He said to Irene, “Listen, I’ll sleep on the sofa and the kid can sleep with you.”

“That’s silly,” Irene said. “He doesn’t mind, do you, Campbell?”

The boy shook his head. He rarely spoke.

Irene said proudly, “He’s a brave boy, aren’t you, Campbell?”

At that moment, David Jatney felt a moment of pure hatred for her. He repressed it and said, “I have to do some writing and I’ll be up late. I think he should sleep with you the first few nights.”

“If you have to work, OK,” Irene said cheerfully.

She held out her hand to Campbell and the little boy jumped off the sofa and ran into her arms. He hid his head in her breasts. She said to him, “Aren’t you going to say good night to your uncle Jat?” And she smiled brilliantly at David, a smile that made her beautiful. And he understood it was her own little joke, an honest joke, a way of telling him that this had been the mode of her address and introduction for her child when she lived with other lovers, delicate, fearful moments in her life, and that she was grateful to him for his thoughtfulness, that her faith in the universe was sustained.

The boy kept his head buried in her breasts and David patted him gently and said, “Good night, Campbell.” The boy looked up and stared into Jatney’s eyes. It was the peculiar questioning look of small children, the regard of an object that is absolutely unknown to their universe.

David was stricken by that look. As if he could be a source of danger. He saw that the boy had an unusually elegant face for one so young. A broad forehead, luminous gray eyes, a firm, almost stern mouth.

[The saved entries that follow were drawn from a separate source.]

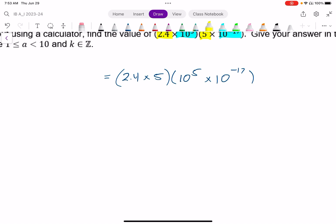It says to do this without a calculator. Honestly, you could, but the point is we don't really need one. So 2.4 times 5 — I think of what 24 times 5 is: 24 times 5 is 120, so 2.4 times 5 will be 12.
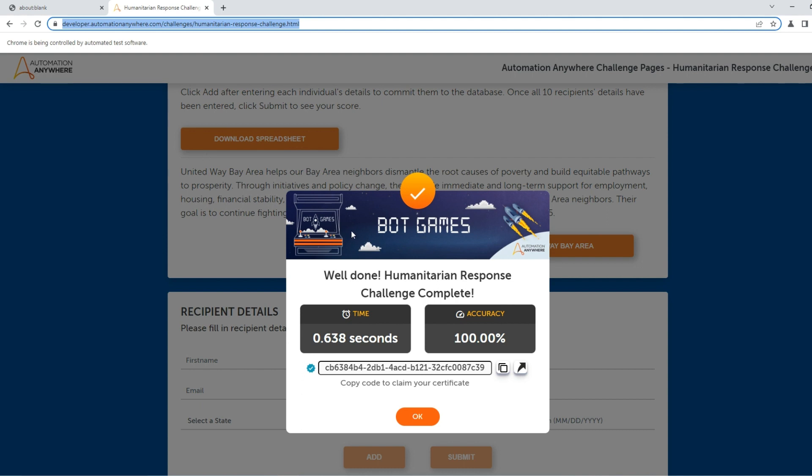like probably less than five minutes to actually first build the entire automation and then improve it to the extent when it runs like six times faster.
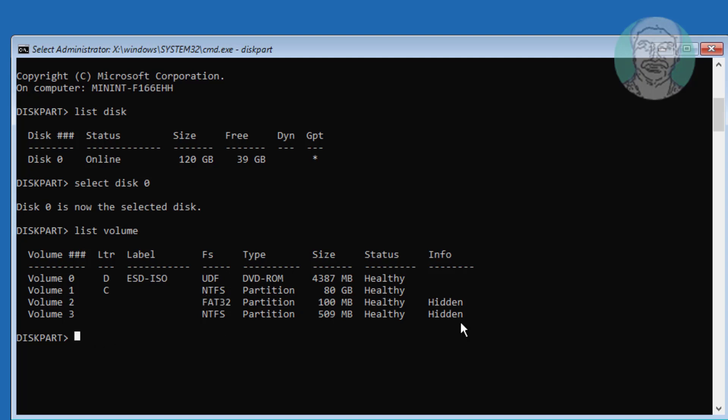Type select space vol space fat32 volume number. Type assign space letter equal sign V colon.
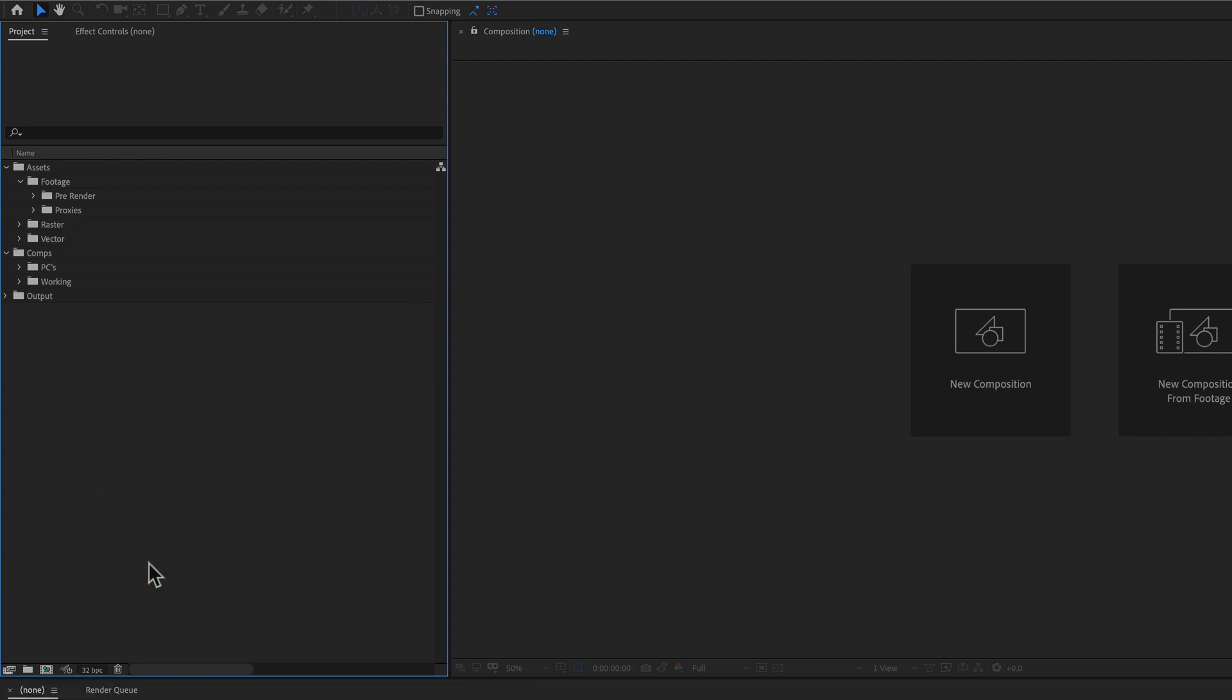Now, a lot of times I will import files and have a big mess, and then have to create this folder structure and start dragging these files into these folders. But there's a big time saver we can do so that we don't have to do this every single time.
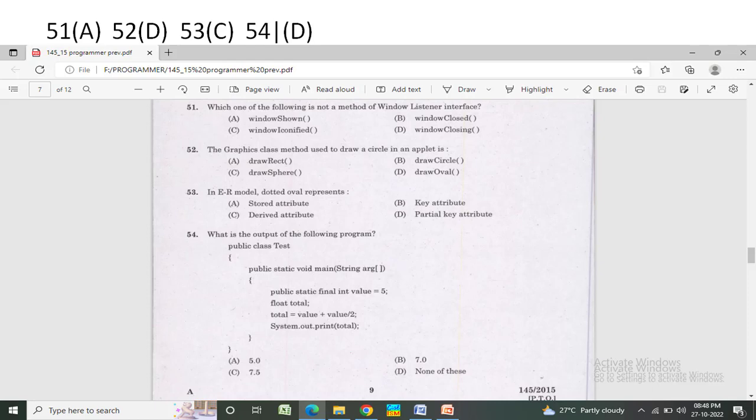int value is equal to 5; floor total — total is equal to value plus value divided by 2; System.out.print(total). Option A: 5.0. Option B: 7.40. Option C: 7.5. Option D: none of these. The correct answer is Option D — none of these.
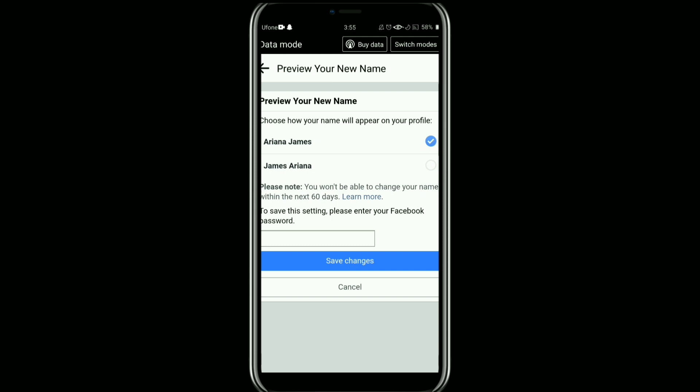Facebook has limits on how often you can change your name to prevent misuse, so be sure you are content with the new name before making any changes.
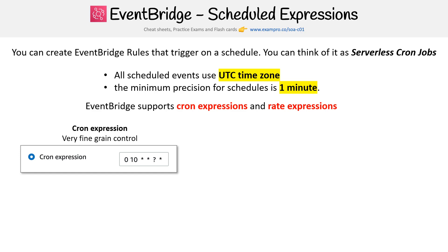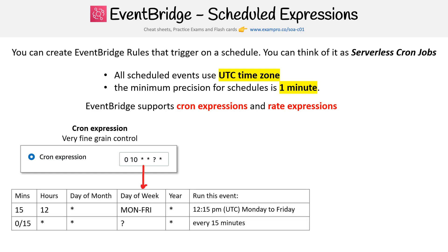Cron expressions allow you to have very fine-grained control, but they use that cron syntax, so you'd have to look up crontab or cron job. I'm not going to explain it here because I don't think it's necessary for the exam, but you can specify it to run at 12:15 Monday to Friday, or every 15 minutes — it's very, very robust.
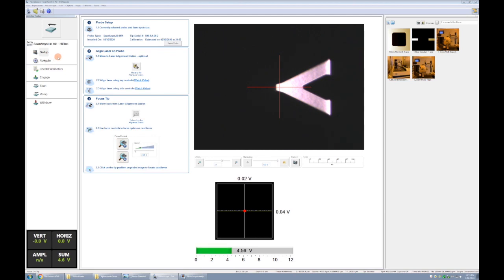Then drive the scanner until it's one millimeter above the sample, and then we'll go over the parameters that are involved with AFM scanning. In the following video we'll actually engage the sample and do some scanning.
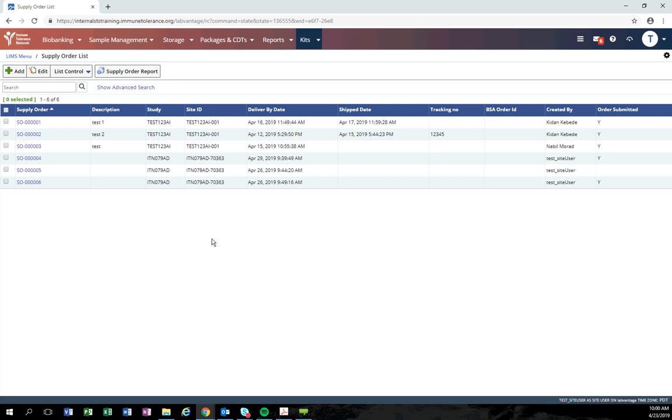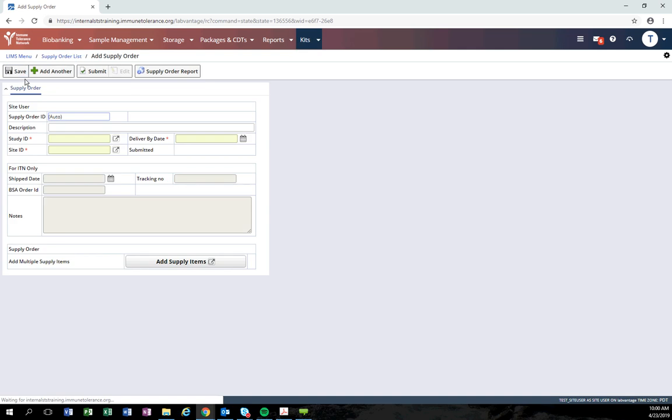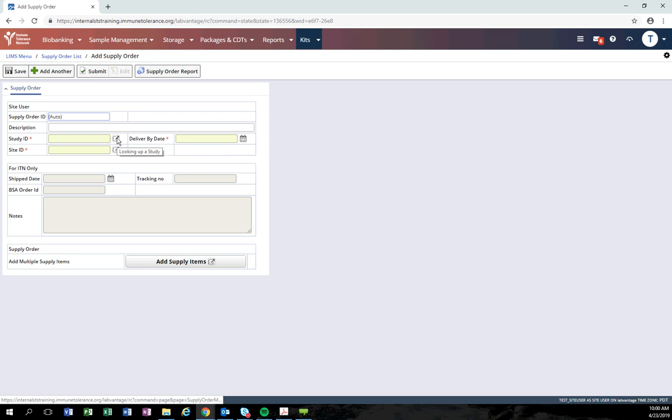To add a new order, click the add button. There are three required fields that must be entered before you can enter your supply order items. First, select the study you want to create a supply order for.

Campbell smiled at Jatney and the effect was miraculous.
His whole face beamed with trust. He reached out a hand and touched David’s face. And then Irene took him with her into the bedroom.

A few minutes later she came out again and gave him a kiss. “Thanks for being so thoughtful,” she said. “We can have a quick screw before I go back in.” She made no seductive movement when she said this. It was simply a friendly offer.

David thought of the little boy behind the bedroom door waiting for his mother. “No,” he said.

“OK,” she said cheerfully and went back into the bedroom.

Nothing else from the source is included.